Hello. I’ve got tree type of substrate to try in my planted tanks.
Pea Gravel I bought it from Wal-Mart for $2.39 per 14.1L bag
Turface is from our local John Deere landscape dealer with special order which took 2 months to arrive. All sports pro cost $18.73 per 50lb bag,Athletics pro league S11.98 per 50lb bag.
I rinse All sports pro 3-4 times and it become pretty clear
Athletics pro league contain black clay and even after 12-15 rinses is still muddy.
They are in 2 different tanks with RO water .Tomorrow I’ll add Seachem Equilibrium and KH buster to fix the water and will test water.
All comments are welcome.


----------



## xx123j (Mar 10, 2010)

I'm interested in the results. As I can only get All Sport here and wanted Pro League I want to know what if any differences there are.


----------



## plamski (Oct 27, 2009)

I'll plant them friday.Will start ferts dosing and light Saturday.I'll post some result after 1 week.


----------



## Seattle_Aquarist (Mar 7, 2008)

Hi plamski,

Actually it is easier, and the water clears much faster, if you just put the Turface Pro League Grey in the aquarium dry, do your rough grading, and then add the water. It will be a little cloudy but with a 160 GPH filter my 30 gallon cleared in about 8 hours.


----------



## plamski (Oct 27, 2009)

Seattle_Aquarist said:


> Hi plamski,
> 
> Actually it is easier, and the water clears much faster, if you just put the Turface Pro League Grey in the aquarium dry, do your rough grading, and then add the water. It will be a little cloudy but with a 160 GPH filter my 30 gallon cleared in about 8 hours.

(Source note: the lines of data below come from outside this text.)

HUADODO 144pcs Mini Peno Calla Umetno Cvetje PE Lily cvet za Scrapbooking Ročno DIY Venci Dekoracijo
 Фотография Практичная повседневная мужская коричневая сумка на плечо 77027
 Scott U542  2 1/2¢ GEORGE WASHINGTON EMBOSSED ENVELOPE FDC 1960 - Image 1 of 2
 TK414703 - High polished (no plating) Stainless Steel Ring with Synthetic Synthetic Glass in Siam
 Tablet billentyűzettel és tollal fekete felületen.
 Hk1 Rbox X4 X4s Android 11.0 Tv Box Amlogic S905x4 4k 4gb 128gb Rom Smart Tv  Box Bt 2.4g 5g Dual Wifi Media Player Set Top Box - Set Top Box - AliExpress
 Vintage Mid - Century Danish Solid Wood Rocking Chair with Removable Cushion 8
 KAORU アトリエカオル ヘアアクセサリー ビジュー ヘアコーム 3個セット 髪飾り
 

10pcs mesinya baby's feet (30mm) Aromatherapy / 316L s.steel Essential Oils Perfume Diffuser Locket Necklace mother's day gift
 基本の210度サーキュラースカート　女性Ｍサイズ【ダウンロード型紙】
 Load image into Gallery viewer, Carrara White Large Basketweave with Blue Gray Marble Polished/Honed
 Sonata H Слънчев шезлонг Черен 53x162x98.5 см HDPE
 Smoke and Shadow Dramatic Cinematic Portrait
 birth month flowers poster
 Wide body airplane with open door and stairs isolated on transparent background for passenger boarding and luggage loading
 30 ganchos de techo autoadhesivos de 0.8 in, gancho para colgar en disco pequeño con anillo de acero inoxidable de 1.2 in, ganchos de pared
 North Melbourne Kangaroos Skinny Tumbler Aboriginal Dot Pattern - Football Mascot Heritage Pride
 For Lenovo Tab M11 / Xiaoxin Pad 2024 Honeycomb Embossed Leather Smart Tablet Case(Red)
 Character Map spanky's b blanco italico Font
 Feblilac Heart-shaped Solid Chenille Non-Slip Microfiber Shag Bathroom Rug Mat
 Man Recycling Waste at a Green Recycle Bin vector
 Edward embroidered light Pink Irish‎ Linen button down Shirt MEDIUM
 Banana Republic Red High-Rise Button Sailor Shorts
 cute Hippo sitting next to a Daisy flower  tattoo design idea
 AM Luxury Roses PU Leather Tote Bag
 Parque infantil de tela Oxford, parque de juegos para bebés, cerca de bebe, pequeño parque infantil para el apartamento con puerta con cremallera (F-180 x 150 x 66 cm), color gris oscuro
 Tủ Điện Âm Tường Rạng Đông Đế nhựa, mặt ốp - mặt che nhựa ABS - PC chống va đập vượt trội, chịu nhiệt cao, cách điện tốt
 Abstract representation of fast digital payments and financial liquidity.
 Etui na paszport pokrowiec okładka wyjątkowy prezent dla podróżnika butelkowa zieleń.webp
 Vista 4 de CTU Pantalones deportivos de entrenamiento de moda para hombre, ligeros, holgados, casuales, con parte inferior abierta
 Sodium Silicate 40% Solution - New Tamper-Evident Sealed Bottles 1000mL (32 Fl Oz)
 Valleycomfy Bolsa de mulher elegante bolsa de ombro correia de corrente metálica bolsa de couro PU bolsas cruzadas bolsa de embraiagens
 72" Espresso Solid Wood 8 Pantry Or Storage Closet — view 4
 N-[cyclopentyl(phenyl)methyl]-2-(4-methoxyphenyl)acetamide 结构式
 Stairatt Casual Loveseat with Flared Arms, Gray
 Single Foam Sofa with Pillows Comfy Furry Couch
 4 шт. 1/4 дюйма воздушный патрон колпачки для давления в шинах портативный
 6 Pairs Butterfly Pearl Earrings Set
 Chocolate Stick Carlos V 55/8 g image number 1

You are right the water get clean after 10h even with small filter up to 30gal.I can't use your advice because I pour dry substrate with heavy NPK and micros water in order to make it good for plants roots .Will see how long substrate will hold nutrition.
Only one thought - it is too lightweight very easy for planting but I don't know yet how will hold roots, even low GPH pump will move it around.


----------



## Seattle_Aquarist (Mar 7, 2008)

Hi plamski,

You are right, compared to gravel it is much lighter. I use a 2"+ deep layer and seldom have problems with plants not staying in place. My experience is that once planted the roots of the plants do very well in this substate.


----------



## AquaDean (Oct 29, 2009)

Hi plamski,
Looking forward to reading about your results.
I like the looks of the Athletics Pro League for a substrate.
What is the product you called KH Buster in your first post?


----------



## plamski (Oct 27, 2009)

All sports pro stay lighter than Athletics pro league in the tank. I have powerhead to inject CO2 and it moves All sports pro around the tank creating dune like in the desert. That why I moved powerhead to point horizontally. In other prospective water is little bit cloudy with Athletics pro league. Let see how plants will like them. 
KH Buster – Backing soda, Seachem Acid or Alkaline buffer


----------



## killacross (Apr 29, 2010)

i cant wait to see how it turns out cuz I have a 10gal shrimp tank with a sandy substrate...and my plants dont do as well in it as my tank with litter sized substrate...i think coarse substrate grows ground cover plants faster and thicker than the fine stuff

...jus my experience tho


----------



## Diana K (Dec 20, 2007)

To fill the tanks with any of these products put a plate or plastic bag over the substrate and pour the water in slowly over the plate. It will seep in slowly and create little or no clouding.


----------



## plamski (Oct 27, 2009)

Athletics pro league losing its KH every 5-7 days. During water changes I’m adding 3-4KH to whole amount of water, not only to the RO water which I'm using for WC. After 5-7 days KH is Max 0.5KH.GH get lower only by 1 point for month or so.
All sports pro it is losing KH and GH by 1 count for 35-40 days.
My plans are to add some RCS to see how they will like it. My goal are PH 6.5,KH-3,GH-3. Temp 77F


----------